Hoffer probably won’t stay here. He said he doesn’t have time to add in physical activities to combat medication loss because he’s working, raising two children and going to school to become a nurse. He said he won’t accept the weight gain and return to unhealthy blood pressure levels, so he’ll be looking for a Wegovy recruiter.

“Do I have to have diabetes to take medicine?” he asks.

Manufacturer Novo Nordisk said Wegovy’s high initial costs were necessary to recoup its investment in drug research and development, but Hilden said the costs were unnecessarily high and forced his health system must cut back. Prices are 4 to 10 times lower in Europe and Canada. Hoffer had ethical considerations as a licensed nurse traveling to Mexico or Canada to continue taking the medication.

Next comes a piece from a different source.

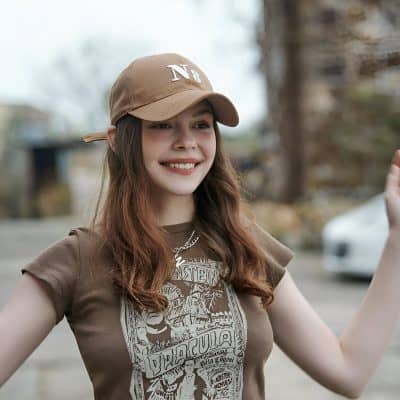 Stylish young woman wearing sunglasses and casual clothing outdoors, showcasing modern eye care accessories at Monalisa Medical Store.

Smedberg previously lost 45 pounds first through diet and exercise alone, then with metformin, a cheap drug that helps regulate blood sugar and offers less than impressive weight loss benefits than.

Her doctor recommended Wegovy once Smedberg’s weight loss plateaued. The medicine made her nauseous and immediately lost her appetite.

“I don’t crave carbs, sweets and things like that,” she says. “So I can eat a salad or less food and it helps me not feel hungry all the time.”

Smedberg said the drug helped her gain 30 pounds over her healthy goal, but it won’t be worth it if the weight comes back.

“Weight loss is very obvious and so other people see us gaining weight, losing weight,” she said. It affects your self-esteem, confidence and how others treat you.”

Loss of access will affect workers in other ways. Julie Corrin, 44, worked in administrative work at a Hennepin dental and oral surgery clinic, and lost more than 50 pounds after weight-loss surgery in 2011. She gained the weight back after the injury. back injury before the COVID-19 pandemic.

Corrin found Wegovy after participating in the Great Slim Down and losing 60 pounds this year. She got rid of thousands of dollars worth of old clothes that had become too loose, and only now did she realize that she might need them again. She said she couldn’t afford another wardrobe overhaul.

“I’m already stressed,” she said, “and feel really depressed thinking about it.”